Lab 2: 2048 (expectimax) - Artificial Intelligence: Problem Solving

Setting up

This labs should be done in groups of 1 or 2 students (but 3 is tolerated in case there is an uneven number of students and you don't want to be alone).

To get the base code for the lab, you should:

choose your group members
head to the lab's github classroom
- create a team or join an existing one
- team name should fllow the convention {GROUP} {SURNAME1} / {SURNAME2}
- accept the assignment

This process will create a new repository for your group with the base code for the lab. The repositories are private, and only the members of the group and the teachers can see them.

You can now clone the repository and start working on the lab.

Repository content

src/board.rs: the board representation
src/search.rs: placeholder for the search algorithm (expectimax)
src/eval.rs: provided evaluation function (discussed in the course)
src/main.rs: Main file to run the game
src/bench.rs: alternative executable to evaluate your algorithms on several problems

Board representation

The board.rs file contains the board representation. It is a 4x4 grid of u8 values, with a few helper functions to manipulate it.

The Board struct in the file is the one that implements most for game logic. However, you should not manipulate it directly.

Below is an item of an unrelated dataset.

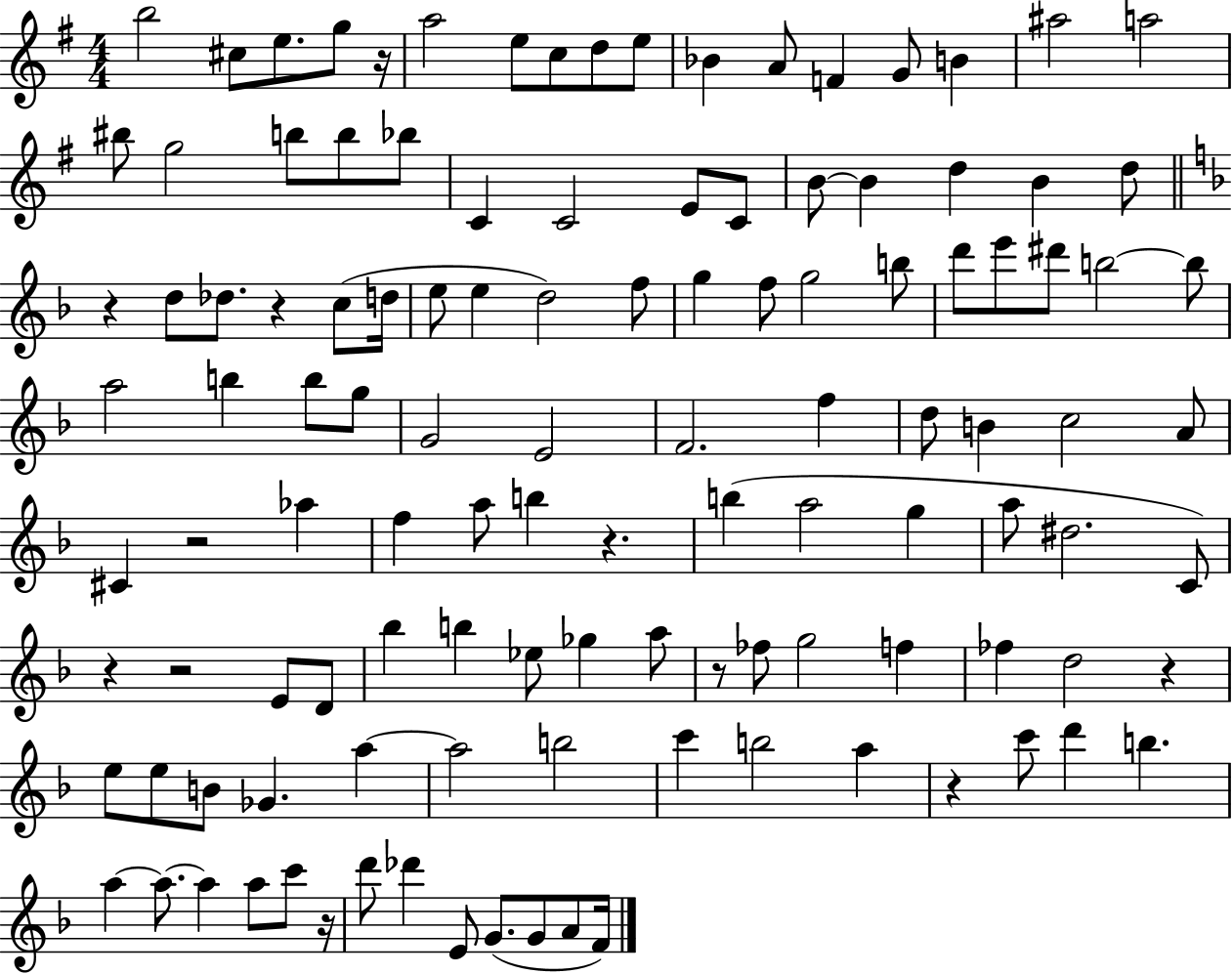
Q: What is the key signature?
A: G major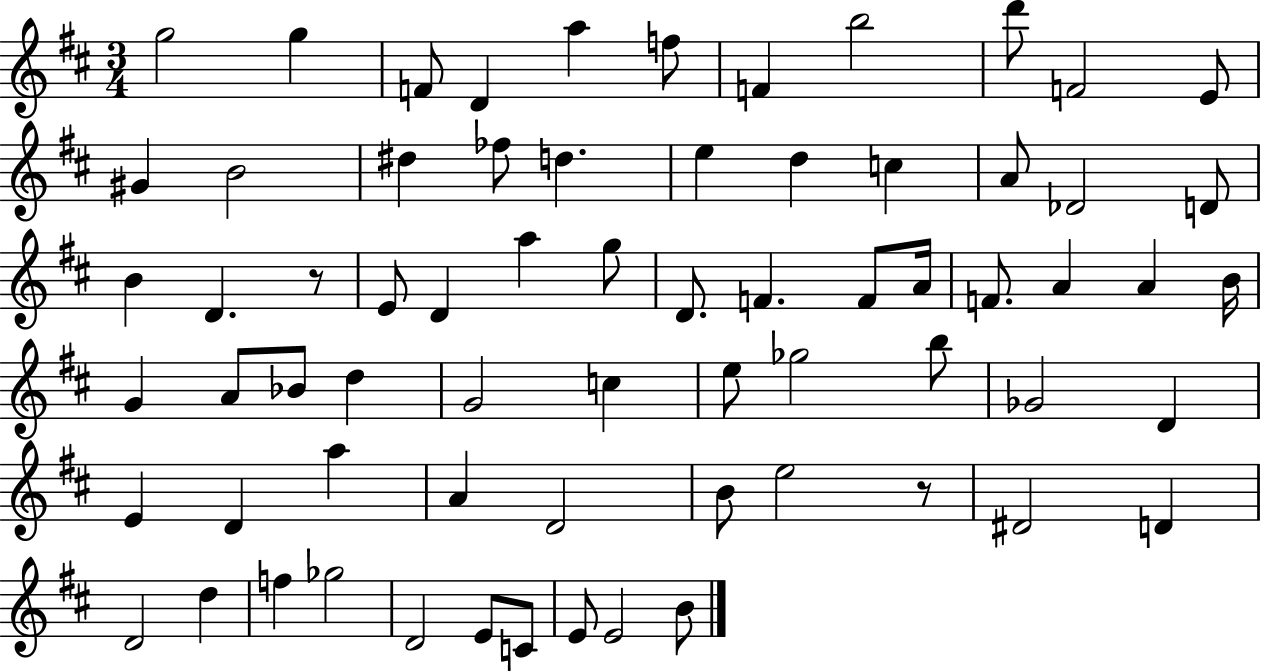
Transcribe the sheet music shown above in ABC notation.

Instead, we provide two wrapper types around it:

PlayableBoard which is a board that can be played on (i.e. you can move on it). It provides the following methods:
- init to create a new board with a single random tile
- apply to apply an action to the board. This method returns either None if the action is invalid, or a RandableBoard with the action applied.
RandableBoard which is a board that can be randomly filled with a new tile
- with_random_tile to fill the board with a new tile in an arbitrary empty cell. The method returns a PlayableBoard with the new tile added.
- successors to generate all possible successors of the board. The method returns an iterator of PlayableBoard together with the probability of getting this board.
- evaluate to evaluate the board, using the implementation provided in eval.rs

Main

The main.rs file contains the main entry point of the program. It is a simple loop that will:

create an initial board
Print it
ask for a move (using the search::select_action function)
apply the move
add a random tile
repeat until the game is over

The current implementation of select_action is stupid one that simply returns a random applicable action.

To run the program, simply run: (the --bin argument is needed to specify the binary to run)

cargo run --release --bin main

Evaluating your AI

The bench.rs file is an alternative executable that allows you to evaluate your AI on a set of problems.

It will run your AI on a set of problems and output the average score and the average number of moves. For instance, the command line below will run your AI on 100 problems and provide with some statistics on its performance.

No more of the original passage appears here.